Can china grass (agar-agar) be substituted in place of gelatin when making pudding? Or is there any other ingredient i could use as a substitute that could give me better results?

  • 1
    Better results than what?
    – Adam Lear
    Commented Aug 11, 2011 at 5:10
  • than using china grass..
    – Rabab
    Commented Aug 11, 2011 at 5:57
  • There are several gelling agents, and I'm sure we have discussed them all somewhere around. But putting China grass in food? If you mean the same plant as Wikipedia (ramie), then this is a plant used for weaving canvas sold in eco-conscious cloth shops. Which part would you use, and why?
    – rumtscho
    Commented Aug 11, 2011 at 6:03
  • 2
    "China Grass or Agar Agar is nothing but a Vegetable ‘gelatine’ derived from a number of seaweeds (Gelidium amansii) which are processed by boiling and drying.
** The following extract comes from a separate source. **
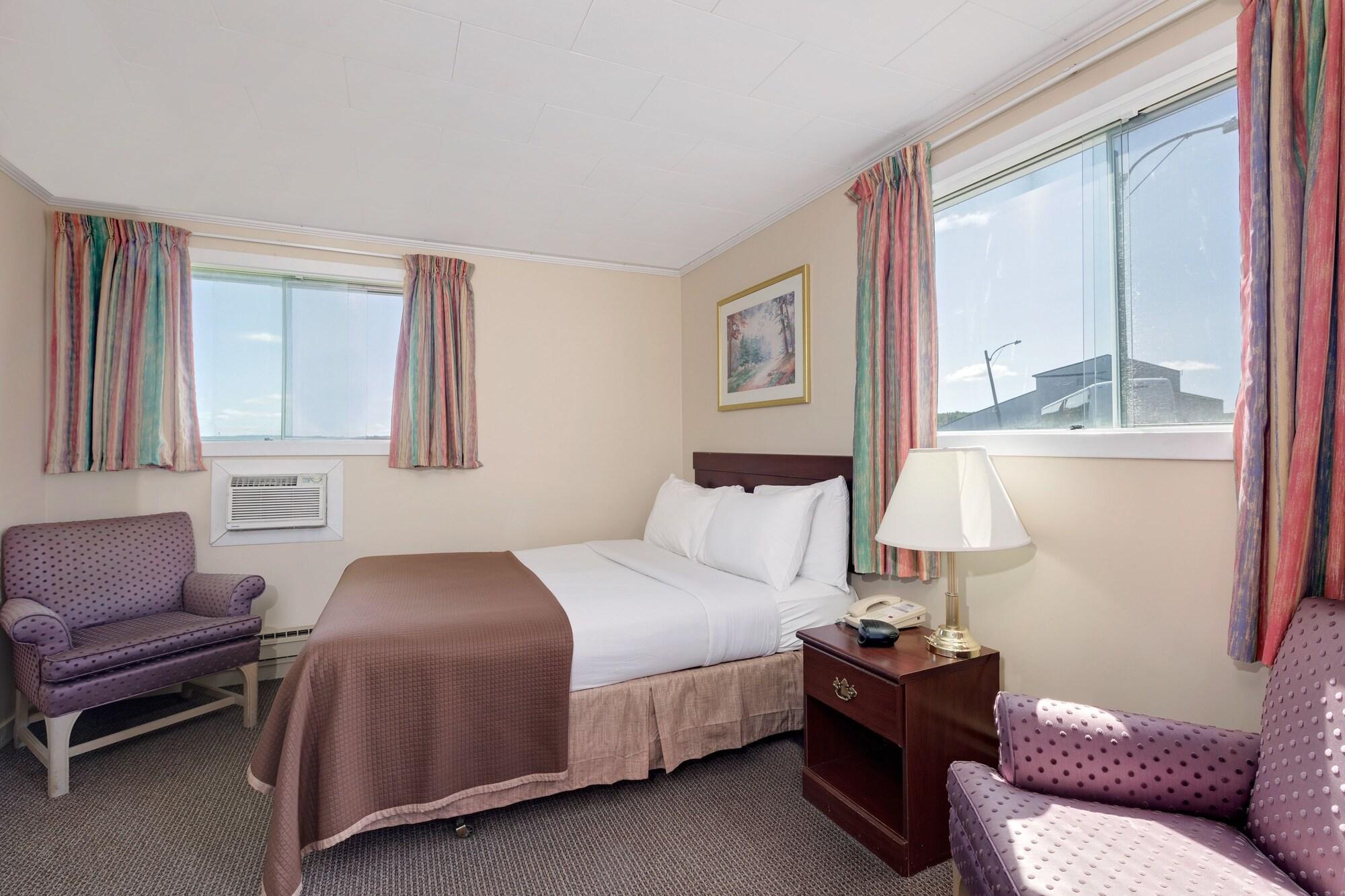 Howard Johnson By Wyndham Woodstock Nb Exterior photo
Agar-agar is used as a quick-setting base for many sweets and desserts in Asia." basically china grass is like veg gelatin. yes there have been discussions of other gelling agents but those are not available where i live. and thus a search on Google for gelatin substitution stated china grass as an option.
    – Rabab
    Commented Aug 11, 2011 at 6:13
  • If it is agar you are referring to then see these questions: Is there a vegetarian gelatin substitute that is as strong as gelatin? and What are alternative gelling agents to gelatine? And what are their properties? Agar-agar (or just agar) produces firm, stable gels much unlike gelatin, and would probably make a fairly horrible pudding.
    – Aaronut
    Commented Aug 11, 2011 at 11:25

3 Answers 3


Agar is not a good choice for pudding because it makes a brittle gel and it won't melt in your mouth at body temperature. What you want for pudding is a starch based thickener. What we call pudding in the US at least is typically thickened with cornstarch. Modified starches like Ultra-Tex 3 can also work well. Are you thinking of something more along the lines of panna cotta, which does normally have gelatin in it? If so, you might try carageenan instead of agar. Here's a recipe that looks promising: http://irishherault.wordpress.com/2009/12/24/vegetarian-panna-cotta/

  • I've made carrageenan panna cottas, they're great because of the synergy of carrageenan and milk. The only thing is, they tend to develop a "crust" at the top, and they don't immediately melt in your mouth - rather, they "melt" as they move around in your mouth due to the shear-thinning property.
    – Aaronut
    Commented Aug 11, 2011 at 23:16
  • i do use cornstarch to make pudding lol but i wanted to try this particular Chocolate pudding pie recipe-- foodnetwork.com/recipes/ellie-krieger/… Well i guess can't use china grass.. lol thanks for the help =)
    – Rabab
    Commented Aug 12, 2011 at 10:11

As a replacement for gelatine I would use Arrowroot or Tapioca, it is similarily clear, but it has a lower viscosity in my experience.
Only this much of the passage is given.